Mit Biogas/Fernwärmenetz

Über 80 % der Gebäude werden heute über ein Fernwärmenetz mit Wärme versorgt. Die ca. 200 angeschlossenen Wärmekunden beziehen die Wärme aus hocheffizienter Kraft-Wärme-Kopplung, welche ihre Wärme in das öffentliche Netz einspeist. Somit sorgt eine Biogasanlage für die Grundlastversorgung des gesamten Wärmenetzes. Die Teillast bzw. Spitzenlast wird über zwei weitere mit Erdgas und Biomethan betriebene BHKW erzeugt.

Die BHKW laufen nur dann, wenn der Strom auch wirklich im öffentlichen Netz benötigt wird. Übermengen an Wärme werden über Tag in einem großen Pufferspeicher in Form von heißem Wasser eingelagert und in der Nacht für die Wärmeversorgung der angeschlossenen Gebäude wieder entnommen.

Die erzeugte Wärme wird durch stark gedämmte Rohre, welche im Boden verlegt wurden, bis zu den verschiedenen Wärmekunden geliefert.

Zusätzlich wurden in den meisten Gebäuden neue Energiesparpumpen installiert, was in Summe eine sehr große Reduzierung für den jährlichen Stromverbrauch zur Folge hat.

Meilensteine des Projektes

  • 2009: Anbindung von ca. 50 Wärmeabnehmern an die örtliche Biogasanlage (500 kW)
  • 2014: Errichtung eins Biomethan-BHKW (550 kW) mit Pufferspeicher (225 m³) und ca. 100 neuen Wärmeabnehmern
  • 2015: Errichtung eines Erdgas-BHKW (360 kW) mit ca. 50 neuen Wärmeabnehmern
  • 2017: Technische Zusammenlegung aller Wärmeerzeuger

Mit Windkraft

Die Bürgerwindpark-Windräder drehen sich seit Juli 2010. Auf einem Ackerplateau mit der Größe von 8 ha sind 7 Windkrafträder mit einer Leistung von je 2000 kW (Jahresgesamtarbeit von 28 GWh/a) entstanden. Die Nabenhöhe beträgt 108,5 m, der Rotordurchmesser 82 m.

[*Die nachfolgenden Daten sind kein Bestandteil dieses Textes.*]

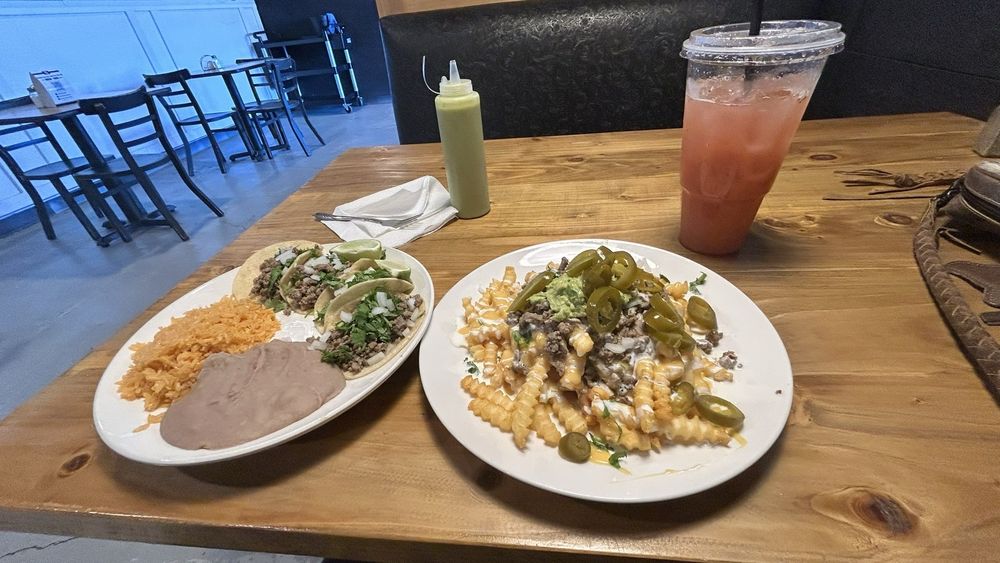 Vaqueros Over the Fire Logo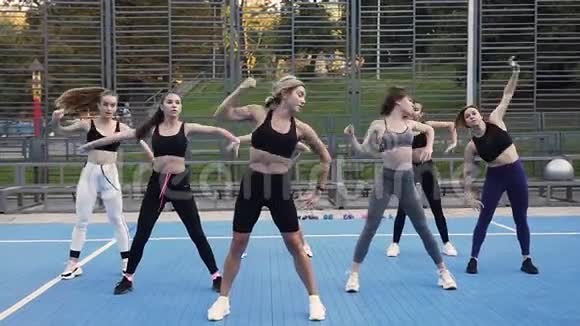 在公园运动场上的健身课上一群年轻有魅力的女人向左向右倾斜视频的预览图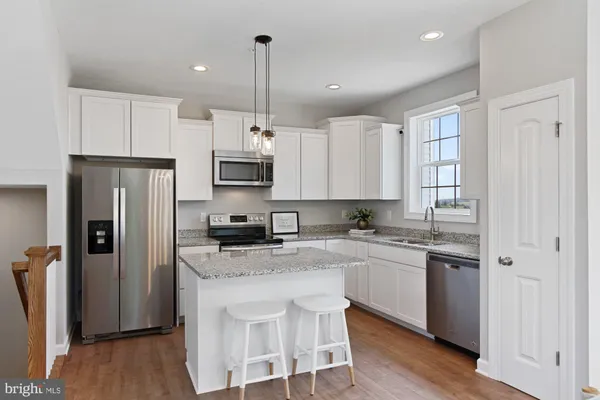 a kitchen with stainless steel appliances granite countertop a refrigerator a sink dishwasher a stove and white cabinets with wooden floor
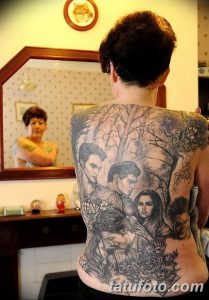 Фото масштабной татуировки на спине мужчины, изображающей сцену с персонажами и деревьями в черно-белом стиле.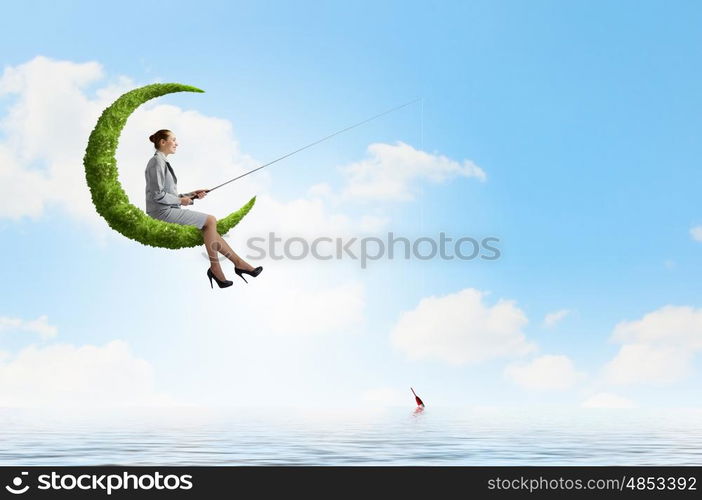 Fishing concept. Businesswoman fishing with rod on green moon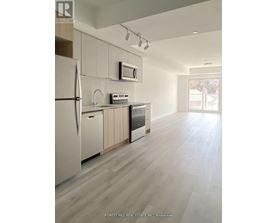 A kitchen with a refrigerator, microwave, and oven.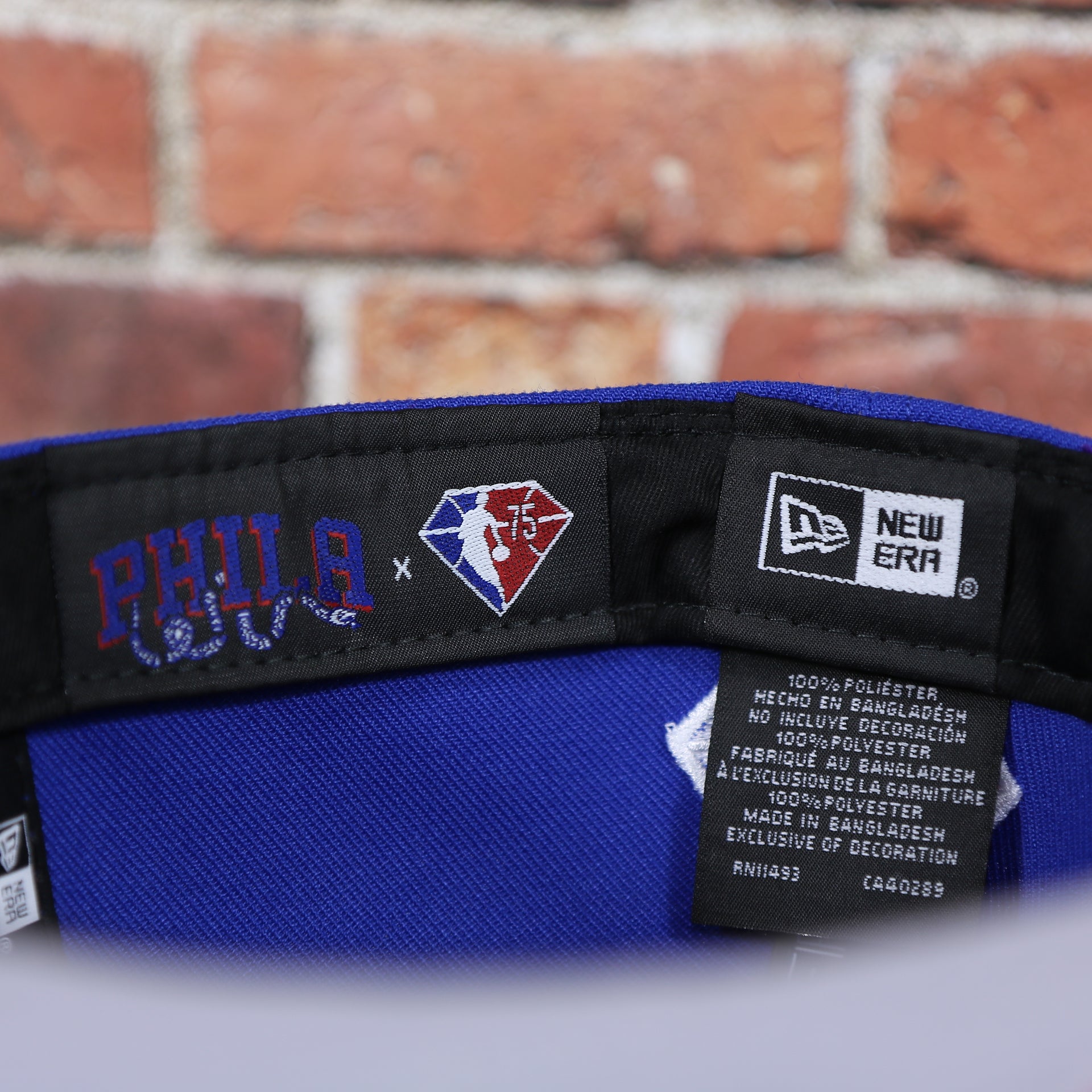 new era tag and PHILA tag on the inside of the Philadelphia 76ers 2021 NBA Draft 59Fifty Fitted Cap | Blue/Red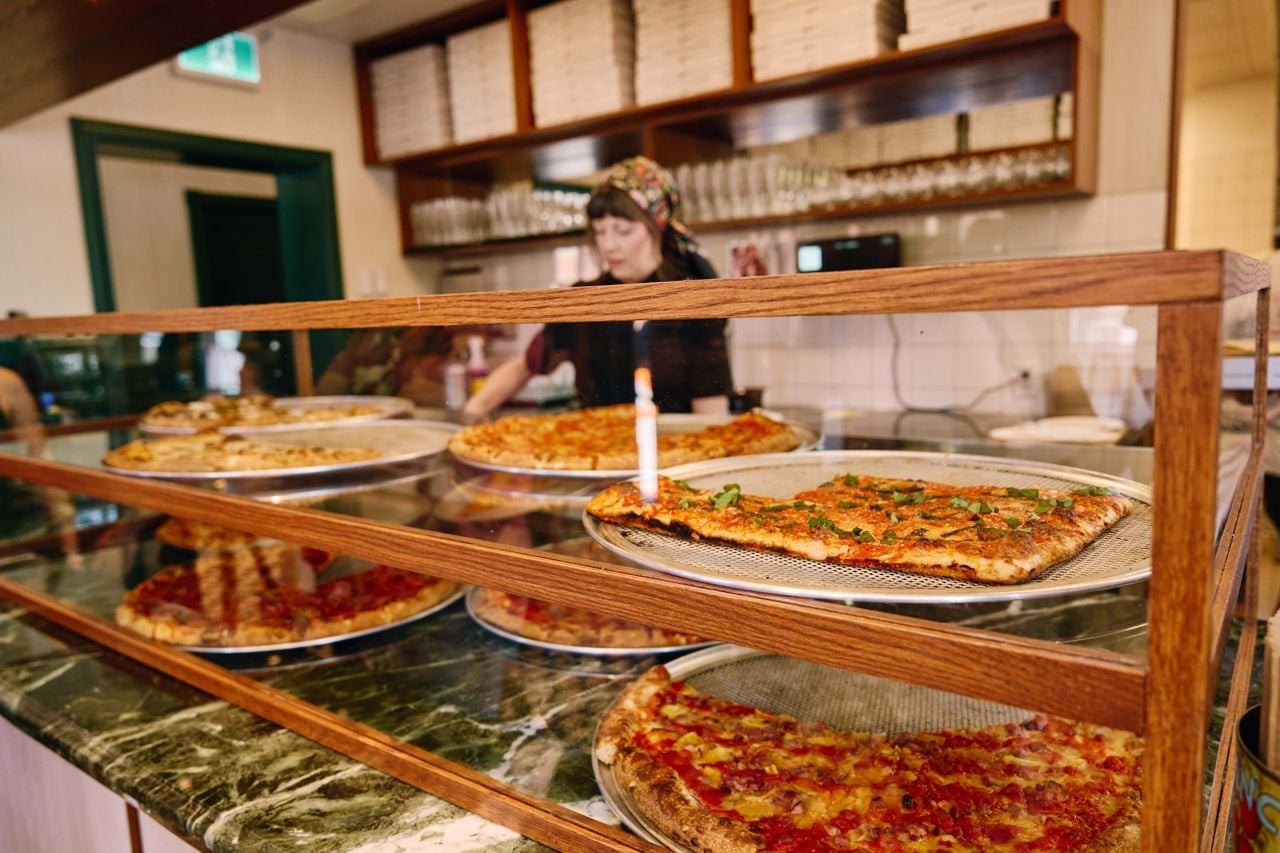 Pizza slices in a display case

Dies entspricht einer Gesamthöhe von 150 m.

Mit Photovoltaik

Ca. 30 große Solardächer erzeugen regenerativen Strom aus der Kraft der Sonneneinstrahlung. So werden 1,53 GWh eingespeist. Wachtumer Fachbetriebe haben 80 % dieser Anlagen montiert.

Mit Holzheizungen

Es sind ca. 10 Holzheizungen in Wachtum in Betrieb. Damit werden ca. 1,6 GWh an fossilen Erzeugungskapazitäten eingespart. Die Rohstoffe kommen überwiegend aus eigenem Waldbestand, wovon sich ca. 300 ha Wald in Wachtum zu 98 % in Privatbesitz befinden.

Was konnte mit erneuerbaren Energien bis jetzt erreicht werden?

Das Interesse und die Nachfrage nach erneuerbaren Energien und Energieeffizienz waren von Beginn an sehr hoch. So konnten in Wachtum bis jetzt ca. 80 % Haushalte an das Fernwärmenetz angeschlossen werden.

Das Projekt in Wachtum hat eine messbare Auswirkung im Bereich der CO2-Vermeidung. Durch den Betrieb der verschiedenen BHKW wird die Energie wesentlich effizienter hergestellt als mit den früher vorhandenen zentralen Wärmeerzeugern in den Gebäuden.

Im Rahmen der Wärmeerzeugung für das Wärmenetz im Ort Wachtum werden ca. 8,1 GWh im Jahr in das öffentliche Stromnetz eingespeist. Dieser Energiemix (Biogas/Biomethan/Erdgas) reduziert die CO2-Emissionen um ca. 3.909 Tonnen im Jahr und ermöglicht eine flexible Produktion nach dem optimalen Rhythmus am Strommarkt.

Zusätzlich konnten ca. 400 Umwälzpumpen in den Häusern von Wachtum umgestellt werden auf energieeffiziente Modelle. Die Stromeinsparung pro Pumpe liegt hier bei ca. 500 kWh im Jahr, was in Summe für Wachtum zusätzlichen 200.000 kWh Minderung im jährlichen Stromverbrauch entspricht.

Mit Durchführung des Projektes wurden somit ca. 200 alte Wärmeerzeuger deinstalliert und durch einen effizienten Fernwärmeanschluss ersetzt. Hinzu kommen Energieeinsparungen durch die Windkrafträder, Photovoltaikanlagen und Holzheizungen.